Jonathan Kay, National Post · Friday, Jul. 16, 2010
Have you heard about the “growing number” of eminent scientists who reject the theory that man-made greenhouse gases are increasing the Earth’s temperature? It’s one of those factoids that, for years, has been casually dropped into the opening paragraphs of conservative manifestos against climate change treaties and legislation. A website maintained by the office of a U.S. Senator has for years instructed us that a “growing number of scientists” are becoming climate-change “skeptics.” This year, the chairman of the Australian Broadcasting Corporation gave a speech praising the “growing number of distinguished scientists [who are] challenging the conventional wisdom with alternative theories and peer reviewed research.” In this newspaper, a columnist recently described the “growing skepticism about the theory of man-made climate change.” Surely, the conventional wisdom is on the cusp of being overthrown entirely: Another colleague proclaimed that we are approaching “the church of global warming’s Galileo moment.”
Fine-sounding rhetoric — but all of it nonsense. In a new article published in the Proceedings of the Natural Academy of Sciences, a group of scholars from Stanford University, the University of Toronto and elsewhere provide a statistical breakdown of the opinions of the world’s most prominent climate experts. Their conclusion: The group that is skeptical of the evidence of man-made global warming “comprises only 2% of the top 50 climate researchers as ranked by expertise (number of climate publications), 3% of researchers in the top 100, and 2.5% of the top 200, excluding researchers present in both groups … This result closely agrees with expert surveys, indicating that [about] 97% of self-identified actively publishing climate scientists agree with the tenets of [man-made global warming].”
How has this tiny 2%-3% sliver of fringe opinion been reinvented as a perpetually “growing” share of the scientific community?
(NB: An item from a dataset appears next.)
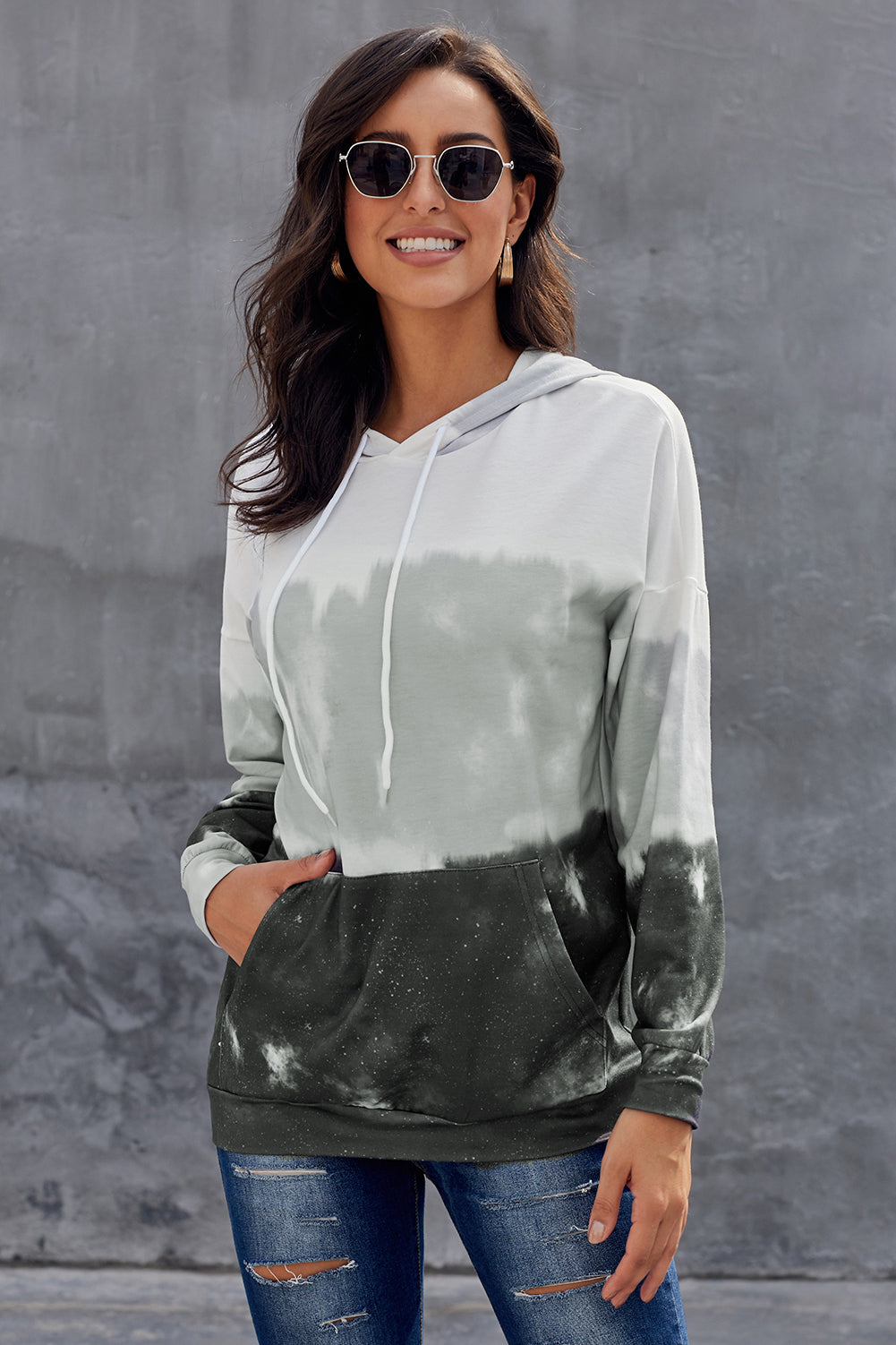 Gray tie dye gradient long sleeve pullover hoodie with adjustable drawstring and kangaroo pocket.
Most climate-change deniers (or “skeptics,” or whatever term one prefers) tend to inhabit militantly right-wing blogs and other Internet echo chambers populated entirely by other deniers. In these electronic enclaves — where a smattering of citations to legitimate scientific authorities typically is larded up with heaps of add-on commentary from pundits, economists and YouTube jesters who haven’t any formal training in climate sciences — it becomes easy to swallow the fallacy that the whole world, including the respected scientific community, is jumping on the denier bandwagon.